Sorry, But You Can’t Actually “Form an S-Corp”

When I ask business owners what type of entity they’ve already formed for their business and they answer “I formed an S-corp,” I start to cringe.

I don’t cringe because they’re wrong (which they are).  I cringe because they are lacking basic knowledge about a fundamental part of their business.  If you don’t know everything there is to know about your business, let alone the type of entity you formed, it makes it that much harder to succeed.

You cannot ‘form an S-corp.’ This is because an S-corp is not actually a type of business entity.  It is merely a tax classification.

Legal entities, such as corporations (often called C-corps) and limited liability companies (LLCs) are formed at the state level.  For example, if you want to form a Florida corporation, you must do so through the Florida Department of State. You simply have no other choice.  Even if you use an online service to form your Florida corporation, they will have to go through the Florida Department of State in order to do so.  The bottom line is that nobody else can grant you a Florida corporation.

S-corp status is a tax selection.  You do not obtain it at the state level (such as the Florida Department of State).  Rather, it is made on the federal level (with the IRS).

You first must have already formed a corporation or LLC in order to elect S-corp status.

Many business owners choose to form a corporation when starting a new business.  One problem with corporations is that they are subject to double-taxation.

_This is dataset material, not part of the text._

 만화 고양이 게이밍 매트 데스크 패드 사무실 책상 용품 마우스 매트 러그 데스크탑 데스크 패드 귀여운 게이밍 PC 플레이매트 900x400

This means that they are taxed twice: first on the corporate level, when the corporation earns revenues; and then the shareholders are taxed individually when they are paid corporate dividends.

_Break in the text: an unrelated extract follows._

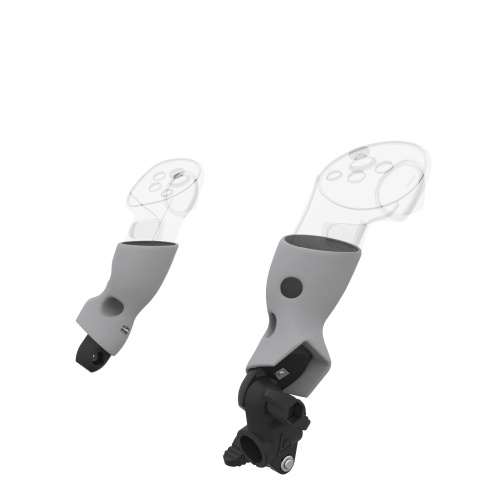 Right view of fastened vr gun stock to magtube gunstock with Grey PLA cups for Pico 4 Ultra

This is not an optimal tax situation.  The words ‘double-taxation’ don’t sound like something that you might ever actually want, do they?

From a tax perspective, partnerships benefit from a lower tax bill due to “pass-through” taxation.  This means that the partnership itself is not taxed, only the individuals partners. There is only one level of taxation and no double-taxation, as with a corporation.

Although this is certainly beneficial from a tax perspective, the downside of operating your business as a partnership is that partners of a partnership are subject to full personal liability for all business debts.  This is unlike shareholders of a corporation, who’s personal, non-corporation, assets are shielded from such business debts.

By electing S-corp status, a corporation maintains its limited liability, while avoiding double-taxation.  

Unlike corporations, LLCs are ordinarily taxed depending upon the number of members (owners) of the LLC.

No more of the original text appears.